5 Football Books You Must Read

Besides all the crappy ghostwritten player biographies, and "we wuz 'arder than the scousers" hooligan literature, there are some amazing football books out there.

Here are five terrific football books I've read over the years that I can highly recommend:

Fever Pitch - Nick Hornby

The seminal football fan diary of a life spent obsessing about and following a club. Even if you aren't a fan of Arsenal, if you've ever loved a football team and found yourself stressing about a friends wedding being scheduled at the same time as a 3rd round cup tie involving them, this is the book for you. I never read a novel more than once, and yet I've read Fever Pitch three times and it gets better with each read. 

The Glory Game - Hunter Davies

During the 1971/1972 season, author Hunter Davies was granted unprecedented access to Tottenham Hotspur Football Club. Embedded within the squad from pre-season right up to Tottenham's season ending victory over Wolverhampton in the UEFA Cup, this book is an incredible look behind the often closed doors of a professional club. Throughout this wonderful novel we get to know the players and staff, warts and all, over the course of a memorable season. It's not a surprise that few authors have been granted such access since.

The Miracle of Castel di Sangro - Joe McGinniss

After falling in love with football in the early '90s, an American writer decided to write an account of the first season in Serie B of a small provincial Italian club. What followed was a season of tragedy, triumph and betrayal in one of the most gripping football books I've read. 

Brilliant Orange: The Neurotic Genius of Dutch Football - David Winner

A sparkling history of Dutch football that charts the development of the game in that country, the characters that shaped their style of play and why the Dutch have in some cases underachieved. Marrying the culture of the Dutch people, their history and the football played in the country together, Winner writes one of the definitive accounts of what makes the football of the Oranje so special.
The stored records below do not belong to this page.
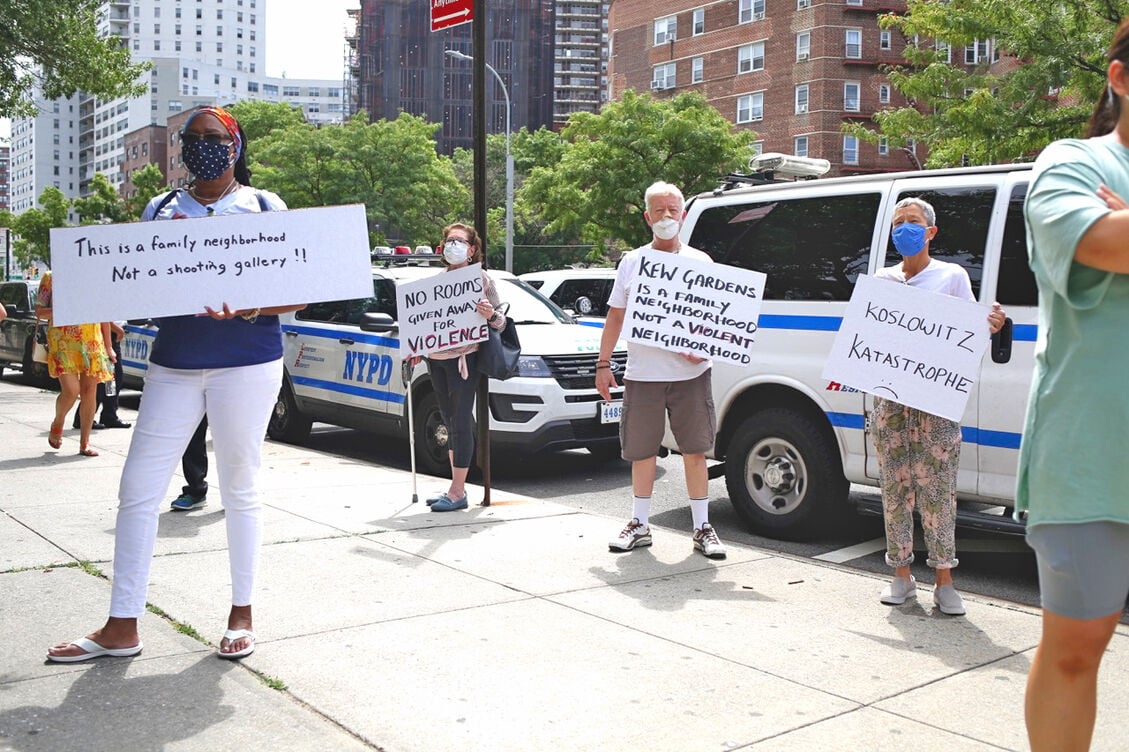 Community rallies against Umbrella Hotel | | qchron.com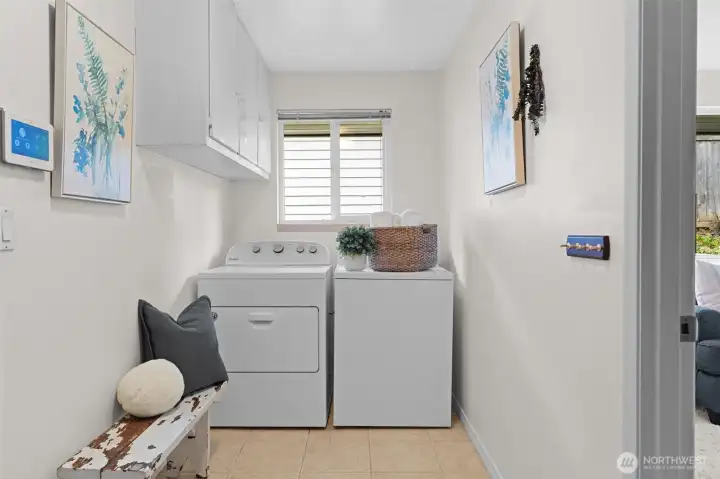 Utility room with side-by-side washer and dryer, overhead cabinetry, and a window for natural light. Functional layout with built-in seating and storage keeps everyday tasks organized and efficient.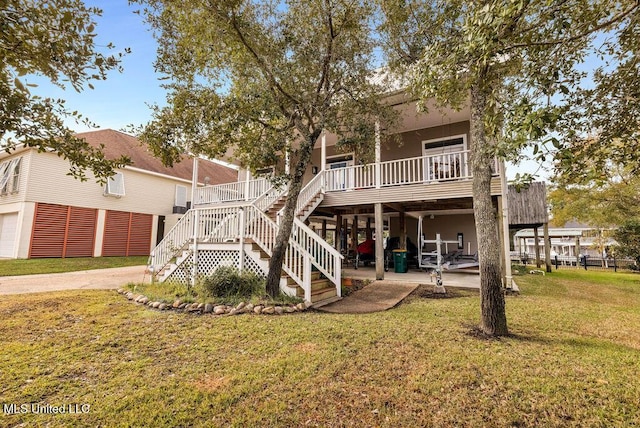 back of house featuring a patio and a yard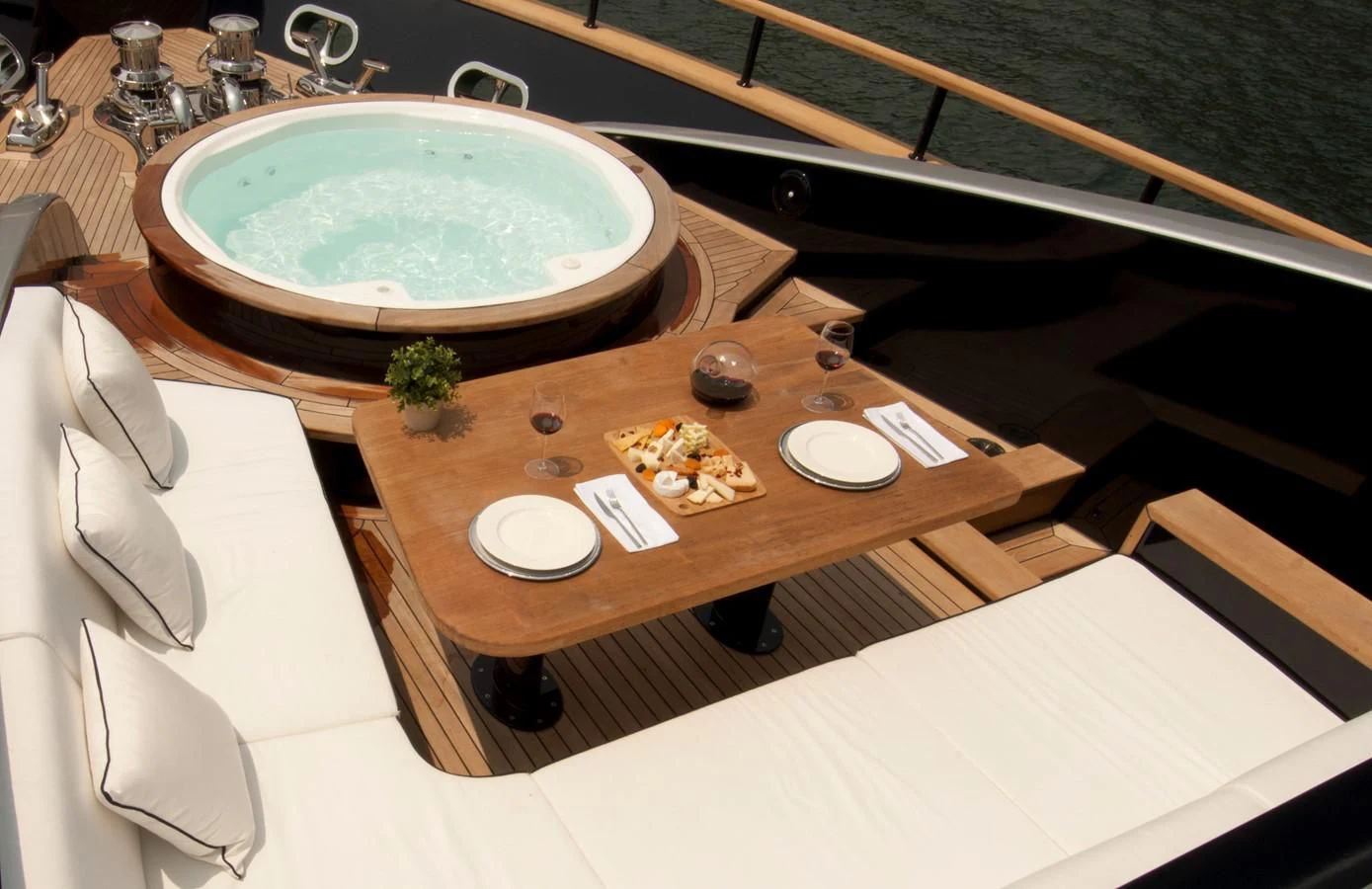 a table with plates and food on it aboard HARUN Yacht for Charter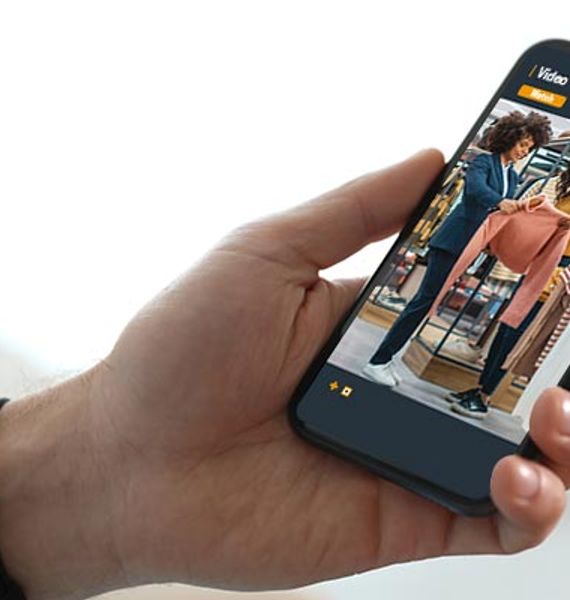 Business owner monitoring clothing store security camera footage on smartphone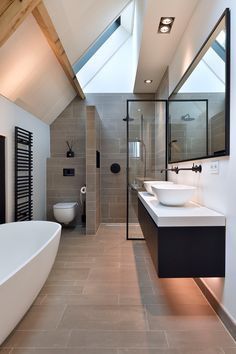 a bathroom with a skylight and two sinks in the center of the bathtub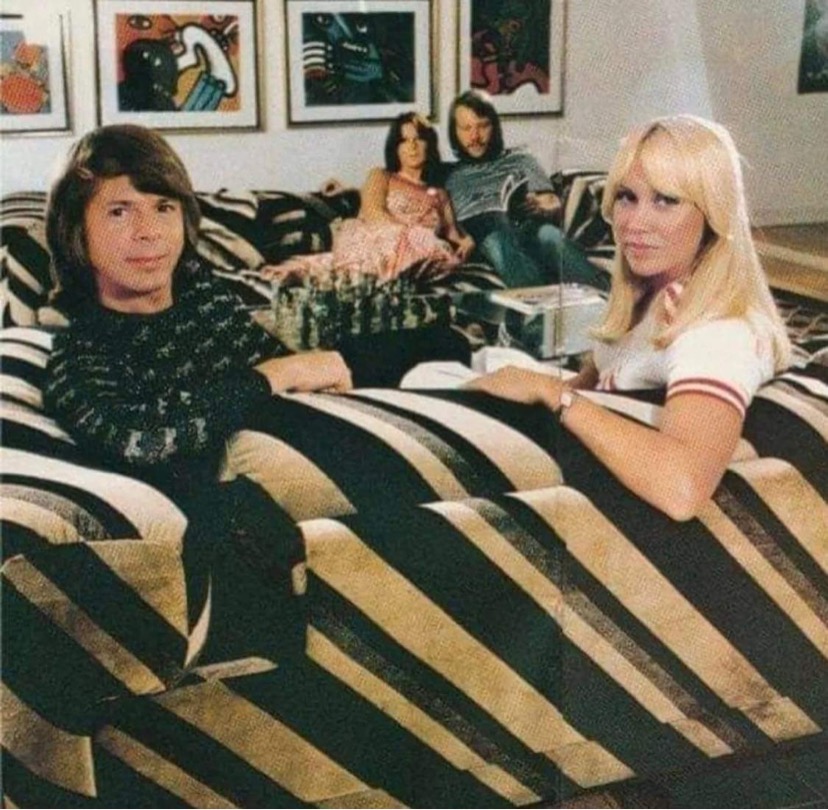 ABBA photographed sitting in a pair of Howard Keith Diplomat sofas in striped velour fabric. Image c/o Solid State Vintage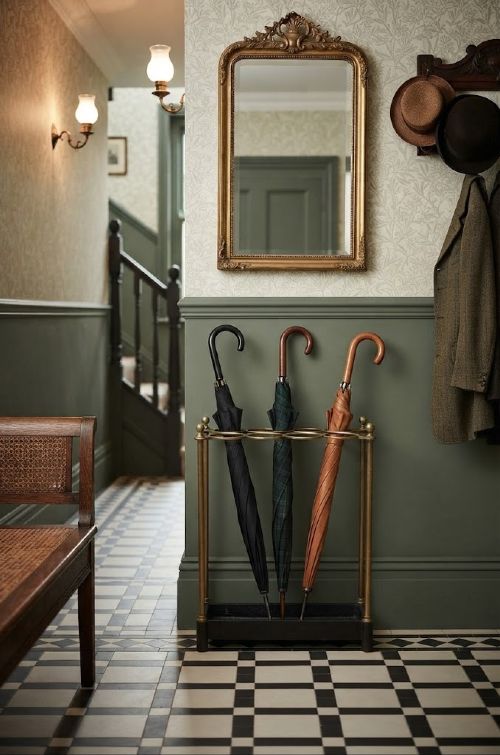 fig 1. A late nineteenth-century brass umbrella stand featuring eight circular divisions, four upright columns topped with ball finials, and a black cast iron drip tray base.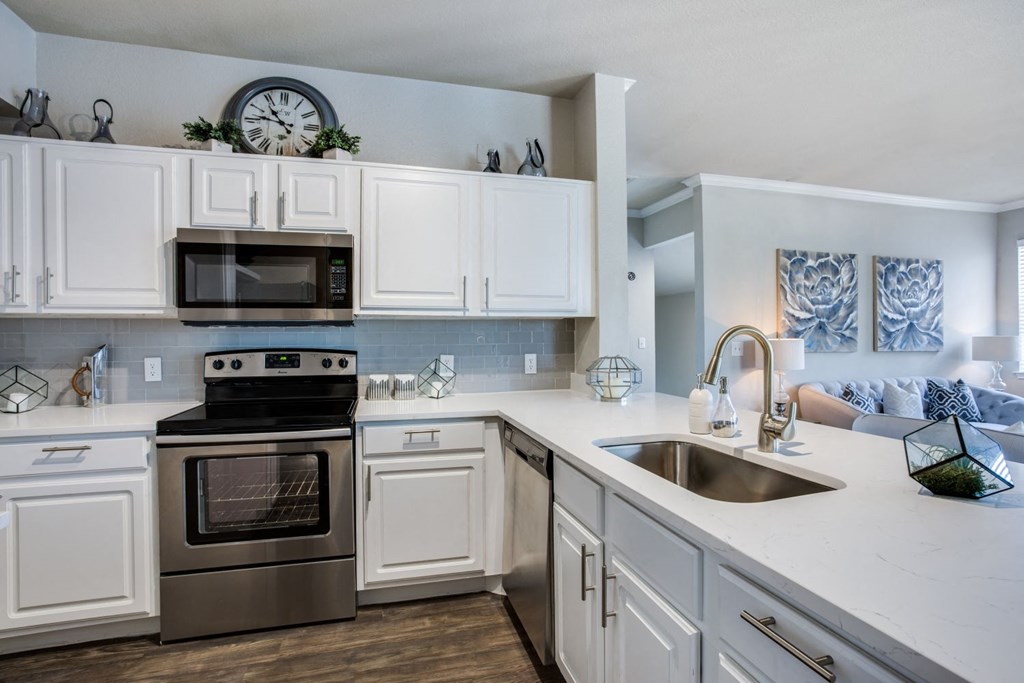 a kitchen with white cabinets and stainless steel appliances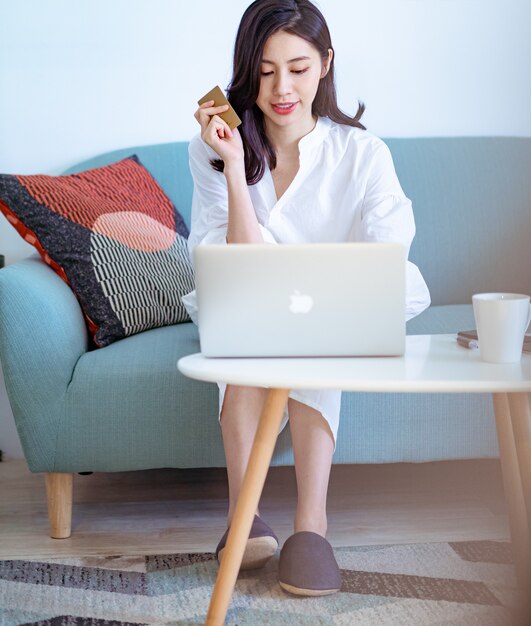 Jeune beauté asiatique faisant ses courses en ligne avec carte de crédit et ordinateur portable à la maison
The Damned United - David Peace

If you simply mention "44 days" to an English football fan of a certain vintage, they'll immediately know that you are referring to Brian Clough's infamous time in charge of Leeds United. Described by the author as a work of as "a fiction based on a fact", this novel is written in a stream of consciousness style, from Clough's perspective as he takes charge of a club with players he despises and that hate him just as much. A gripping read that perhaps isn't for everyone, this book provides an interesting take on a well known tale.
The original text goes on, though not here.